Isso é uma estratégia que, enfim, temos a expectativa de que seja seguida pelos nossos parceiros, embora todas as questões comerciais (filmes para estrear, salas com pouca gente) pressionem eles a tomar decisões complicadas. Por isso acho o seu comentário importante, porque concordo que nosso filme tem um bom potencial de público sim, e que esse público potencial ainda não foi inteiramente alcançado. Ficando mais tempo em cartaz, Conceição tem mais chance de se tornar "cult", ou seja, de ter um público razoável, do que se fosse
arremessado com sessões seguidas.

Seu texto parece sugerir que, por termos feito um filme com "furor criativo" e "inquietação", deveríamos ter um lançamento diferenciado, igualmente "criativo". Antes de qualquer coisa, meu amigo, cabe lembrar que entre os trabalhos que eu e os outros realizadores já fizemos em cinema, nenhum deles pode ser descrito como "campanha de lançamento" ou "exibição de filmes". Não tínhamos como reinventar a roda, a verdade é essa, e fazer cópias e pagar laboratório custa dinheiro. A Riofilme pôde nos ajudar a pôr o filme em 35mm nos cinemas – como distribuidora, foi ela, com uma verba da Ancine, que possibilitou isso (a primeira exibição do filme, em Tiradentes, foi em Beta Digital, e era possível que ele viesse a ser lançado assim caso o apoio da Riofilme não viesse). E nesse jogo da distribuição existem peixes grandes e peixes pequenos – não adianta pensar que dá para jantar um peixe maior do que a gente é. Ganhar grana todos querem e, se cinema não está dando tanto dinheiro quanto um dia já deu, acho que não é por falta de interesse dos envolvidos. Então, nossa estratégia possível sempre foi essa: dar tempo às pessoas para que tivessem curiosidade de ver no cinema um filme diferente de todos os outros.

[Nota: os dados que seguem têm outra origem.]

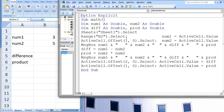The value in cell B2, which is 3, is assigned to num1. The active cell is moved one row and zero columns and the active cell is now B3. The value in cell B3, which is 5, is assigned to num2. At this point, the values stored in num1, num2, diff, and prod are 3, 5, 0, and 0. These are displayed to the user in a message box.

Mas esse é o espaço de exibição comercial, cujo modelo é definido junto com o distribuidor e o exibidor. Tanto a Riofilme quanto o Arteplex têm interesses financeiros e é em respeito a isso que estamos seguindo o modelo de lançamento que é melhor para eles – mas acho que isso não será o fim da linha para o Conceição. Queremos que nosso filme renda alguma coisa para as pessoas que o exibem no momento (e sinceramente eu acho que ele pode render uma grana), mas para nós o importante é que ele seja visto.

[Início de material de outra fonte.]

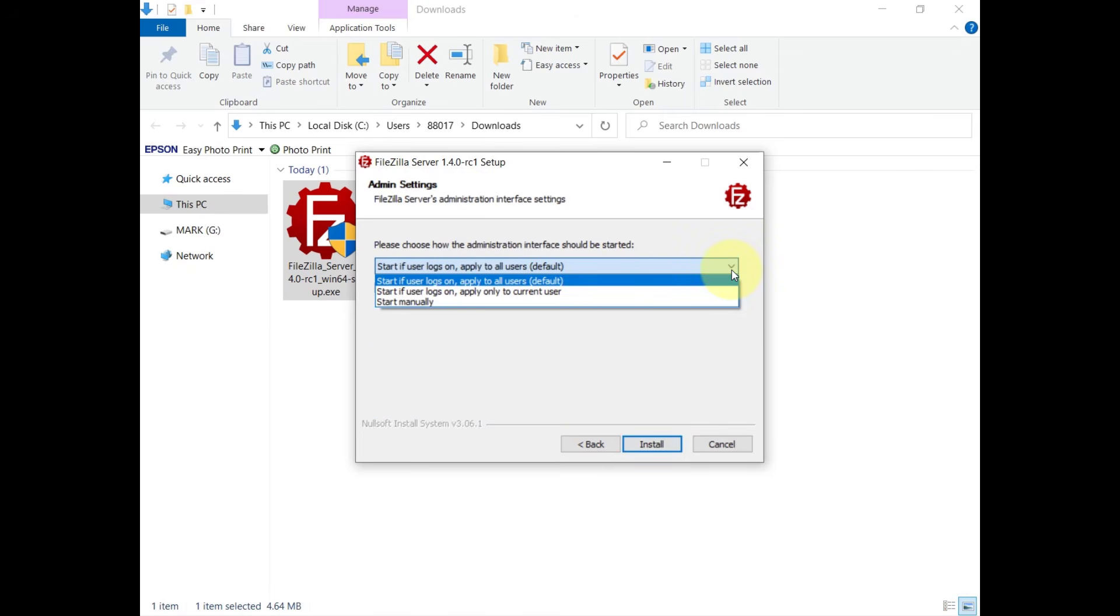The administration interface can be set to start automatically for every user, for the current user or manually.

Por isso, vou te dizer em que aspecto acho mais precoce a sua previsão: não é apenas em salas comerciais de cinema que um filme se difunde. Claro que o melhor lugar para ver o filme é numa sala de cinema, com uma cópia bonita como as que estão em cartaz, mas, pela sua própria natureza, acredito que nosso filme terá uma longa sobrevida em exibições não-comerciais, quando se encerrar esse momento de lançamento no circuito (ainda que, no que me concerne, acho que já cumpri a minha parte). Do mesmo modo, por conta do tal "furor criativo", fico também curioso acerca da sobrevida que ele terá em outros meios de disseminação – como a web e a TV. Meu amigo, um filme não "morre" por conta de um fim de semana no circuito comercial, então por que "enterrá-lo" assim, com tanta pressa? Quem sabe o que o filme ainda pode gerar? Parece uma saída fácil dizer que, depois de feito, um filme pertence aos seus espectadores – mas sinceramente não vejo outro caminho possível para filmes brasileiros baratos além de simplesmente conquistar o seu público pouco a pouco. Se você souber de algum, ainda é tempo de sugerir...

abração,
Daniel Caetano

* * *

Daniel

É muito bem vinda tua resposta à minha nota sobre Conceição, por tocar em alguns pontos importantes que eu realmente não abordei em meu texto e que devem ser discutidos.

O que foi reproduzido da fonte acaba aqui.